Effective on the second Tuesday in January, 1973, the term of the member at-large shall terminate, and, at the general election held in 1972, the qualified electors of the congressional district not represented on the state board shall elect a member who shall serve for a two-year term commencing on the second Tuesday in January, 1973. Thereafter the member from such congressional district shall be elected for a six-year term.

1972 Colo. Sess. Laws, ch. 98 at p. 552. House Bill 1109 thus purported to end the at-large position, and provided that the new member from the newly created congressional district would fill out the remaining two years of the at-large term. William Israel, the at-large member of the Board prior to 1972, resigned his office and did not contest the legislation.

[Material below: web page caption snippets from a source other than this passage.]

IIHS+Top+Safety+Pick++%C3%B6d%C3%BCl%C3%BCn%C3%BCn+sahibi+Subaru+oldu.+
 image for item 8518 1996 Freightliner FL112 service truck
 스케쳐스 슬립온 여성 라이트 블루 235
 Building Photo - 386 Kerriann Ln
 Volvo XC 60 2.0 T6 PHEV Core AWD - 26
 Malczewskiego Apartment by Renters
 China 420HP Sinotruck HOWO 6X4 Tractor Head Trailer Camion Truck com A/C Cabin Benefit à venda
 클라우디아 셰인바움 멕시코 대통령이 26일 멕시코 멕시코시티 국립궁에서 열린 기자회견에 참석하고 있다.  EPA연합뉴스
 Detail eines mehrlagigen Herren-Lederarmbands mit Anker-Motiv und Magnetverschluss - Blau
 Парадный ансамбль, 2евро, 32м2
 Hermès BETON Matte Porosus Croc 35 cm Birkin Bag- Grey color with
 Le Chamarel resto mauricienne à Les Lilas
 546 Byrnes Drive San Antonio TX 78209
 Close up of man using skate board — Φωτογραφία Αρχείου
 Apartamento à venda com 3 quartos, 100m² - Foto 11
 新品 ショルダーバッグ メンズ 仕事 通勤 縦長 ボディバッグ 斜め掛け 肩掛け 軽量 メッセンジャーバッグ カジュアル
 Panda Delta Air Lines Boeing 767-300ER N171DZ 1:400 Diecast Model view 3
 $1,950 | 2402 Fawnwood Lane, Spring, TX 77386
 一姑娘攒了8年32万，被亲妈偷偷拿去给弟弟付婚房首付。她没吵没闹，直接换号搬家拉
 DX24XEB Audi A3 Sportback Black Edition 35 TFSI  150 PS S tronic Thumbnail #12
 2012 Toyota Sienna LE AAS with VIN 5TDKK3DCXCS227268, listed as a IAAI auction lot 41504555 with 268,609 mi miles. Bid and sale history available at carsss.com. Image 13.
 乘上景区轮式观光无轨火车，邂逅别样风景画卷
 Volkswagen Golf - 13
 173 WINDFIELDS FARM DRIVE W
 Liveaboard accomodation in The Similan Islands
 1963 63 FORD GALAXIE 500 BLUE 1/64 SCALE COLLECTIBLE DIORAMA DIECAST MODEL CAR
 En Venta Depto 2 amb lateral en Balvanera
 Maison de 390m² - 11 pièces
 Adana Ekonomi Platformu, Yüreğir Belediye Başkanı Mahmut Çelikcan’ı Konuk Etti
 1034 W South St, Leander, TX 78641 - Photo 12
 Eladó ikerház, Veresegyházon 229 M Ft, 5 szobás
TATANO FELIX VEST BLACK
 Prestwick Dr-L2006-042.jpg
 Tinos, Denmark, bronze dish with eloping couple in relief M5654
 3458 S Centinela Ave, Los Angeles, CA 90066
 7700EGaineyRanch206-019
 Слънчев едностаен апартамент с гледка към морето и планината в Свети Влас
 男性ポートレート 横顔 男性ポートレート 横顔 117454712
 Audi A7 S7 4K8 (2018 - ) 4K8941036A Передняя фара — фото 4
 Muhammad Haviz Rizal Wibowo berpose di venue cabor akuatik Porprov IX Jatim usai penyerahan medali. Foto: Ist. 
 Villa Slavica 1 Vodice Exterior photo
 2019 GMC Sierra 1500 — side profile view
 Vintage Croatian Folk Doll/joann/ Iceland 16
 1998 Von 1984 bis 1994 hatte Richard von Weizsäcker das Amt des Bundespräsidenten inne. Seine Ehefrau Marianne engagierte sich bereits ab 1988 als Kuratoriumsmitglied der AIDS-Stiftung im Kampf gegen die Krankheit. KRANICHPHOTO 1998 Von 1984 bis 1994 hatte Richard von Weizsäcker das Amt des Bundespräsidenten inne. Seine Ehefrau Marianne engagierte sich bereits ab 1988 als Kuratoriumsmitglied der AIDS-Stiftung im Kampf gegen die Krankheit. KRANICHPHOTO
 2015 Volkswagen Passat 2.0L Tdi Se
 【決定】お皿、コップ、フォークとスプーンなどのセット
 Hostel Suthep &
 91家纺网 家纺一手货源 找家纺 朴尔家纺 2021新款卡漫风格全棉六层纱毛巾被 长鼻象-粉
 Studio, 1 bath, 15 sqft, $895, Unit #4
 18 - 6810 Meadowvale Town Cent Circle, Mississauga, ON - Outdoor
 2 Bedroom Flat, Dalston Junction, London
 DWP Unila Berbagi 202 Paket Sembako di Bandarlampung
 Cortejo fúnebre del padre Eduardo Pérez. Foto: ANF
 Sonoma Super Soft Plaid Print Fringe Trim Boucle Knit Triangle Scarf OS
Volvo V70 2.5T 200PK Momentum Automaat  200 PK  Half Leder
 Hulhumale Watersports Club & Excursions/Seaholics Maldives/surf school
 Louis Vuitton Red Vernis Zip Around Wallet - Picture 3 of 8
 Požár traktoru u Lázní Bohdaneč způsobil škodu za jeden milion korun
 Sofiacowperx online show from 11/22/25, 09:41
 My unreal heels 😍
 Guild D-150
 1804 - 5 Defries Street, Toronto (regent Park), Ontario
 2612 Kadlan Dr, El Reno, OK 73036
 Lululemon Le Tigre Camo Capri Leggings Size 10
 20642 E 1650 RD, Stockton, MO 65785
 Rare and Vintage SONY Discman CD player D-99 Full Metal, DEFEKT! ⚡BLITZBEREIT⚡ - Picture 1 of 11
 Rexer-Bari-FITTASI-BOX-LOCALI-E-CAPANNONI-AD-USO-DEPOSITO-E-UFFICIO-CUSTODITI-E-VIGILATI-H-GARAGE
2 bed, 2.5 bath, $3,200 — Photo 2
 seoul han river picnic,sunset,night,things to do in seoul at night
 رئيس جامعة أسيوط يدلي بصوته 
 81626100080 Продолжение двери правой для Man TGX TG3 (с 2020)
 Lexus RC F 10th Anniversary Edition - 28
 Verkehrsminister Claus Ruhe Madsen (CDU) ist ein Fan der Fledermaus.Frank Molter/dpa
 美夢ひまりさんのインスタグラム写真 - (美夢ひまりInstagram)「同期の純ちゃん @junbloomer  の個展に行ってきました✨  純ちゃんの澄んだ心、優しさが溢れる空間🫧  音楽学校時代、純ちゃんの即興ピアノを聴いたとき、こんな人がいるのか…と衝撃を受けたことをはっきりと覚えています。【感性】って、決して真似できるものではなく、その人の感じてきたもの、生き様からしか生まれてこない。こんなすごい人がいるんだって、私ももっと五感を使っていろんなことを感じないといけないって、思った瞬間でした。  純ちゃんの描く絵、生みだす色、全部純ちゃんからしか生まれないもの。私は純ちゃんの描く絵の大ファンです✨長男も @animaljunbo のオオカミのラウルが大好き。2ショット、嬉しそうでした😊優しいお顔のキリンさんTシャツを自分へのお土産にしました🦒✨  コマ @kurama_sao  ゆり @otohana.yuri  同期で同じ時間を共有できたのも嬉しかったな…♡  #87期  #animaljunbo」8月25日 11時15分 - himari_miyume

Growth reflected in the 1980 census resulted in the creation of a sixth congressional district in Colorado. As a result, in 1982 the General Assembly established the current at-large seat on the State Board. Thus, by 1982 the State Board’s membership comprised seven members, one elected from each congressional district and one elected at-large. This makeup continues to the present day.

As a result of the 2000 census, the State is again faced with the need to structure a lawful transition from an existing at-large State Board member to a new member representing a discrete congressional district.[1] We assume in this opinion that a member of the Board will be elected in the 2002 general election to represent the new Seventh Congressional District. The Speaker’s inquiry is whether the Colorado Constitution requires the termination of the at-large member’s term in office.

C. Legal Analysis
A legal analysis of constitutional transition requirements begins with a review of the language of the Colorado Constitution. That review illustrates that the Constitution is ambiguous concerning the transition issue. Harmonization of the various constitutional provisions that bear on this issue suggests that premature termination of the six-year term of office of the duly elected at-large member is not required.

More importantly, as discussed in sections 3 and 4 below, such premature termination, under these circumstances, is not authorized by law and would probably be legally indefensible.

1. The Text of the Colorado Constitution Does Not Address Directly the Term of the At-large Member of the Board of Education in the Transition to Purely District Representation

No provision in the Colorado Constitution addresses directly when the term of the at-large member of the Board must end in the circumstances now faced by Colorado. There is no question that, in the 2000 general election, the at-large member of the Board was properly elected to serve a six-year term in accordance with Article IX, Section 1 of the Constitution and C.R.S. § 22-2-105
(both quoted at length on pages 2 and 3 above). The Constitution and statute are similarly clear that no at-large member of the Board is to be elected in the 2006 general election. Beyond those propositions, the Constitution and statute say nothing about the transition from the first circumstance to the second — which covers the time period between the 2000 and the 2006 general elections.

2. Clauses Within the Constitution Must Be Harmonized When Possible

The Constitution of Colorado states in pertinent part:

[The State Board of Education] shall consist of a member from each congressional district of the state and, if the total number of such congressional districts is an even number, one additional member[.] . . .

and

[T]he members of said board shall be elected by the registered electors of the state, voting at general elections, in such manner and for such terms as may be by law prescribed[.] . . .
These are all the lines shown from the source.